Во главе пессимистов по-прежнему сторонники марксистско-ленинской интерпретации революции, которую в полной мере разделяет и нынешнее руководство Коммунистической партии Российской Федерации, считающей себя прямыми наследниками Великой Октябрьской Социалистической революции. При этом в ней наметился очевидный национал-патриотический пласт, никак не характерный для самого Ленина.
В рамках пессимистической трактовки пустило корни на нашей почве мальтузианство, объяснявшее причину общественных катаклизмов нерегулируемой высокой рождаемостью при падающей производительности земли. Эта концепция – структурно-демографическая – применительно к русской революции разрабатывается, например, Сергеем Нефедовым из Уральского отделения РАН, который видит ее причины в абсолютном обнищании трудящихся. Недостаточные наделы, сохранившееся помещичье землевладение, вывоз зерна за границу, эксплуатация крестьянства были причинами массового вымирания быстро росшего в количественном измерении населения – от голодовок и болезней. Россия оказалась – главным образом, из-за «голодного экспорта» – в классической мальтузианской ловушке[50].
Весьма созвучными взглядам современных российских либералов оказались теории модернизации, столь популярные на Западе в 1960– 70-е годы. Императорская Россия рухнула потому, что ее власть оказалась неспособной вписать страну в рамки модерна, под которыми понимаются индустриальное производство, правовое государство, гражданское общество и рациональный автономный индивид. Страна не смогла осуществить политическую модернизацию: перейти от абсолютизма к конституционной государственности, а также передать власть от традиционной элиты модернистской.

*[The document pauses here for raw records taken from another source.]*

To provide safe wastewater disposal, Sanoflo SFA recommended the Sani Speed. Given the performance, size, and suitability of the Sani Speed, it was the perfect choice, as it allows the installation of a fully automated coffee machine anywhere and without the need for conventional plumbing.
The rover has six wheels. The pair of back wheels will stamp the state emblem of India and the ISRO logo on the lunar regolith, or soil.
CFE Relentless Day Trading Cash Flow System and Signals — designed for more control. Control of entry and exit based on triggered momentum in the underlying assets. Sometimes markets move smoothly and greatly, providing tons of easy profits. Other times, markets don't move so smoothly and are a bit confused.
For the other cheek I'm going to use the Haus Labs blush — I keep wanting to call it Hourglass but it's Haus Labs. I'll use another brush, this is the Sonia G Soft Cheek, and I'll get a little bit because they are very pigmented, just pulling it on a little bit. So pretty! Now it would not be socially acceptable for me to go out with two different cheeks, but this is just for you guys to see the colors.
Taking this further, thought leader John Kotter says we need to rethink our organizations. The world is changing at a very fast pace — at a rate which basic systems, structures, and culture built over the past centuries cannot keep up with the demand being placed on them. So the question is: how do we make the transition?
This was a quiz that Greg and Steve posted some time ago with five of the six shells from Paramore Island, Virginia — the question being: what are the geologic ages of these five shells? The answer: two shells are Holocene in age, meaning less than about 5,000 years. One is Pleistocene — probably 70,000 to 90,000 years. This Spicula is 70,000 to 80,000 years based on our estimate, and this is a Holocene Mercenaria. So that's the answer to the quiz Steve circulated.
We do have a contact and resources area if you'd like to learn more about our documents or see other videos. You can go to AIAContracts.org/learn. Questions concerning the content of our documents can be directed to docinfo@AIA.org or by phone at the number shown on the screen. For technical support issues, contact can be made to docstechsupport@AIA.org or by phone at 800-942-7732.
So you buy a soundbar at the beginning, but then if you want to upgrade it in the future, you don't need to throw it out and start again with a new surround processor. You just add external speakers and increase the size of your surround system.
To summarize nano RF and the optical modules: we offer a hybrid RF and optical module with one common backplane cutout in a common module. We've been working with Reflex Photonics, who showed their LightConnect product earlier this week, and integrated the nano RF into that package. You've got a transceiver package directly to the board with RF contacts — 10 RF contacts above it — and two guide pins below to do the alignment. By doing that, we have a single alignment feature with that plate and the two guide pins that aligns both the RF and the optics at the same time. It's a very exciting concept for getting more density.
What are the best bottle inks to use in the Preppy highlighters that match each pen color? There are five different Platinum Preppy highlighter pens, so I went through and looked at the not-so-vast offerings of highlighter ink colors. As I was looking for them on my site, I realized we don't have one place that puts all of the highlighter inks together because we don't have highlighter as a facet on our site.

Ахиезер, Клямкин и Яковенко доказывают, что, хотя модернизация конца XIX – начала ХХ века не относилась к разряду репрессивно-принудительных, она была экстенсивной, осуществлялась благодаря многократно увеличившемуся вывозу зерна и широкому привлечению иностранного капитала, то есть за счет большинства населения, которое модернизацией оставалось незатронутым. Незапланированным результатом модернизации явился конфликт интересов, наложившийся на культурно-ценностный раскол страны и открывший путь для смуты. Либерально-демократические реформы Николая II, сочетавшиеся с предельно жесткими военно-полицейскими мерами, смогли, как выяснилось, лишь на время приостановить ее. «Форсированная индустриализация, бывшая ответом на внешние вызовы и осуществлявшаяся правительством в соответствии с принципом “недоедим, но вывезем”, явилась одновременно мощнейшим стимулятором внутренней напряженности и, как следствие, новой русской смуты»[51].